§ **Problem to solve**:
What are the lines from the top of the entries below through the line containing "cooler und moderner"? Return them exactly, both ends included, without the pictures.

##### Task input

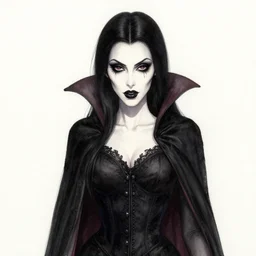 a highly detailed professional watercolor and ink portrait of a female vampire, morbid, gothic, creepy, black and white and red, dark aesthetic, ominous, intricate design, detailed shiny hair, dripping paint, pen markings, atmospheric,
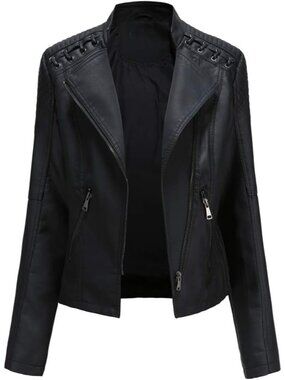 Women's Black Faux Leather Jacket Women Bomber Jacket Belted Motorcycle Jackets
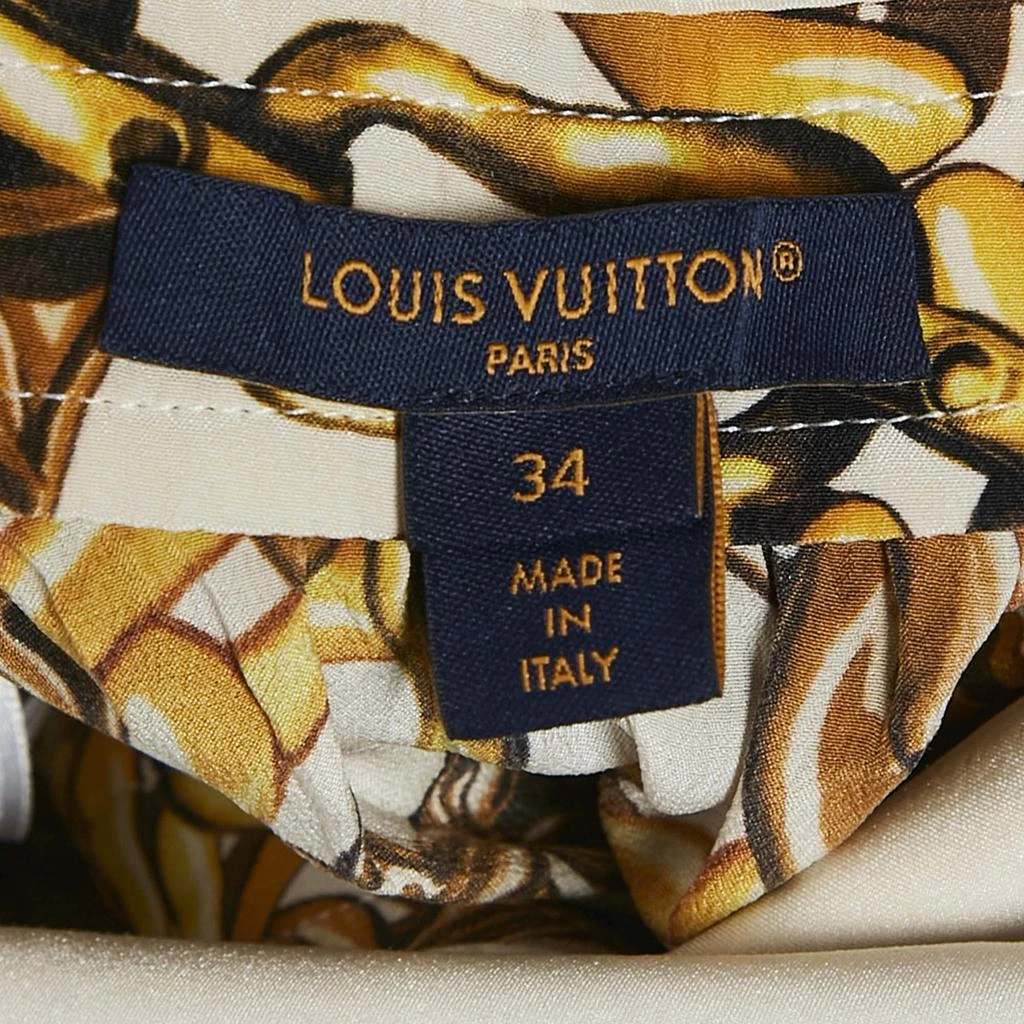 Louis Vuitton Louis Vuitton Yellow Chain Print Silk Blend Sleeveless Maxi Dress S 4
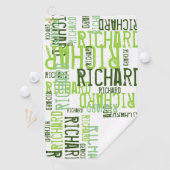 cooler und moderner Kalkgrün, Typografie Golfhandtuch (Insitu)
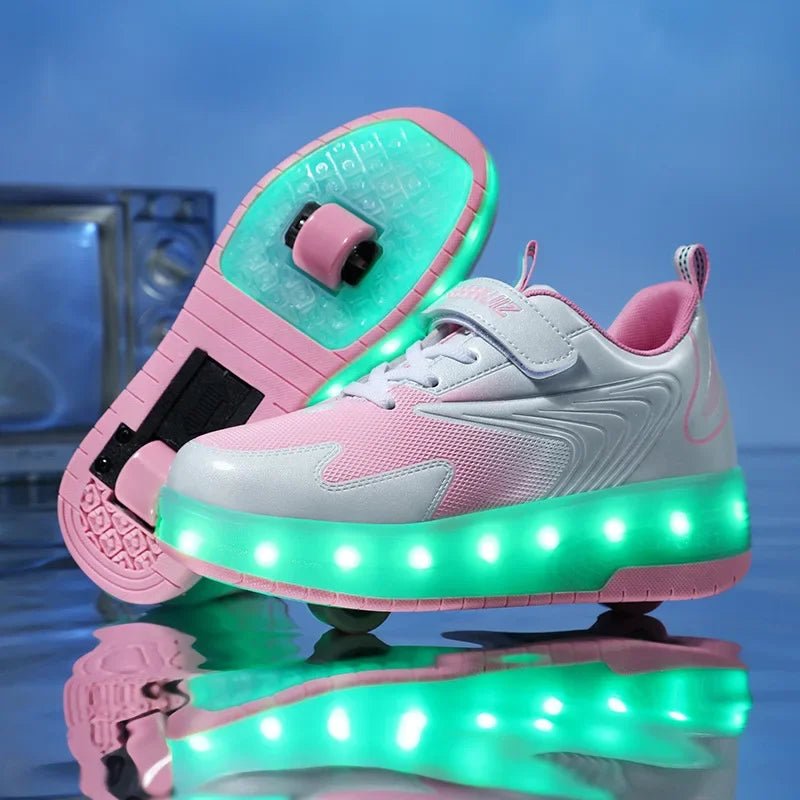 Kids Light Up Roller Shoes – LED Roller Skate Sneakers with Built-In Wheels, Hook & Loop, Boys & Girls, 4 Colors - Nalani - Fashion Clothing and Decor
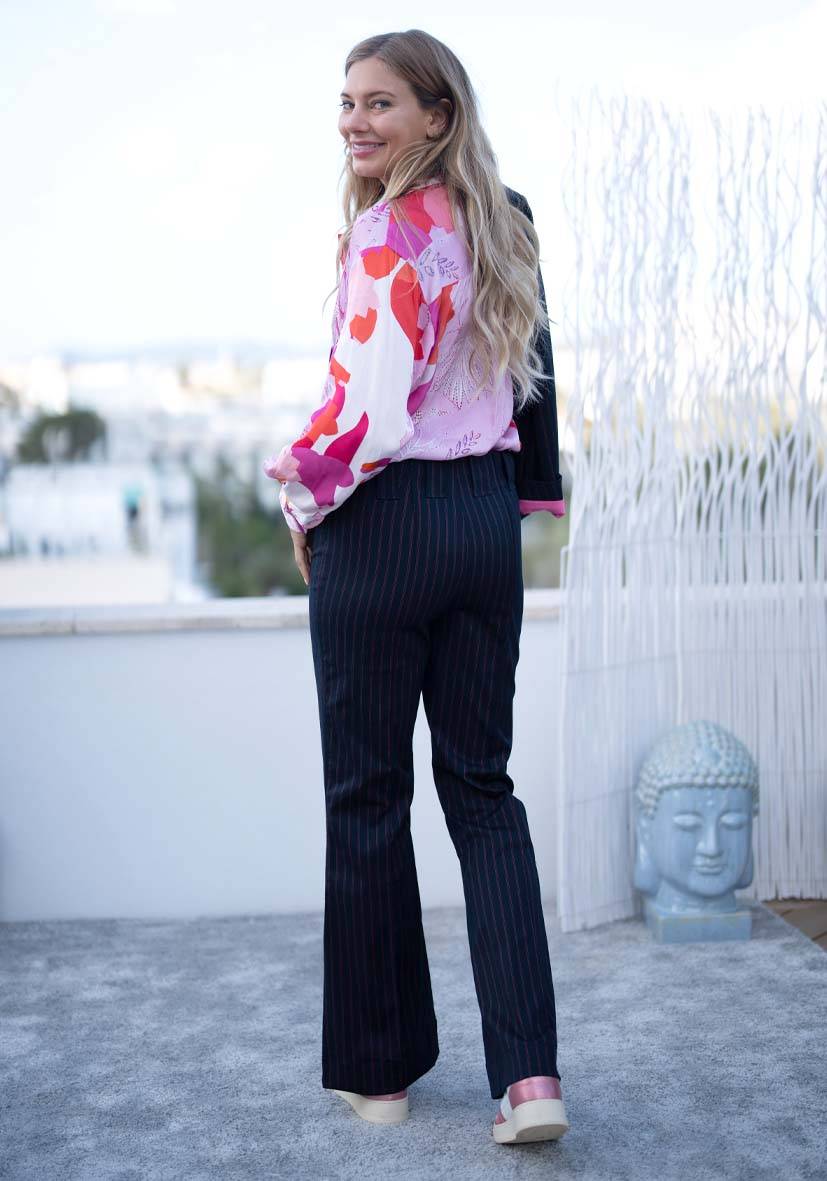 Miss Goodlife Pants Neon Pinstripes – neonpink Rabatte dieses Monats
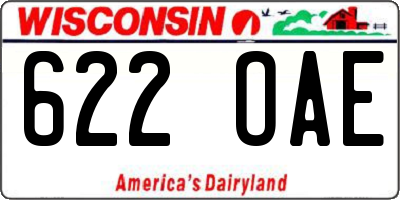 WI license plate 622OAE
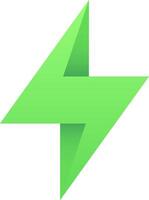 Light green thunder power energy icon vector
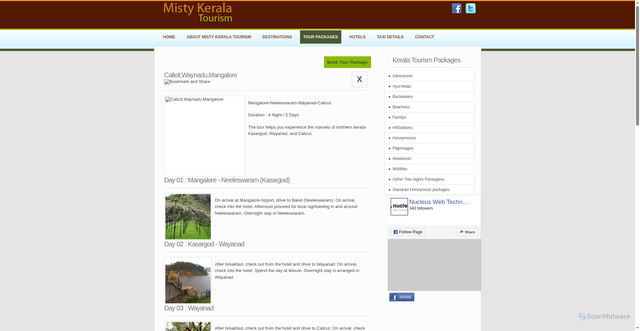 Security scan screenshot of https://mistykeralatourism.webdesignonline.in/misty_tour_packages_details.php?scid=22&pagenum=1&tour=Calicit,Waynadu,Mangalore&pg=index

##########

§ **Exercise answer**:
 a highly detailed professional watercolor and ink portrait of a female vampire, morbid, gothic, creepy, black and white and red, dark aesthetic, ominous, intricate design, detailed shiny hair, dripping paint, pen markings, atmospheric,
 Women's Black Faux Leather Jacket Women Bomber Jacket Belted Motorcycle Jackets
 Louis Vuitton Louis Vuitton Yellow Chain Print Silk Blend Sleeveless Maxi Dress S 4
 cooler und moderner Kalkgrün, Typografie Golfhandtuch (Insitu)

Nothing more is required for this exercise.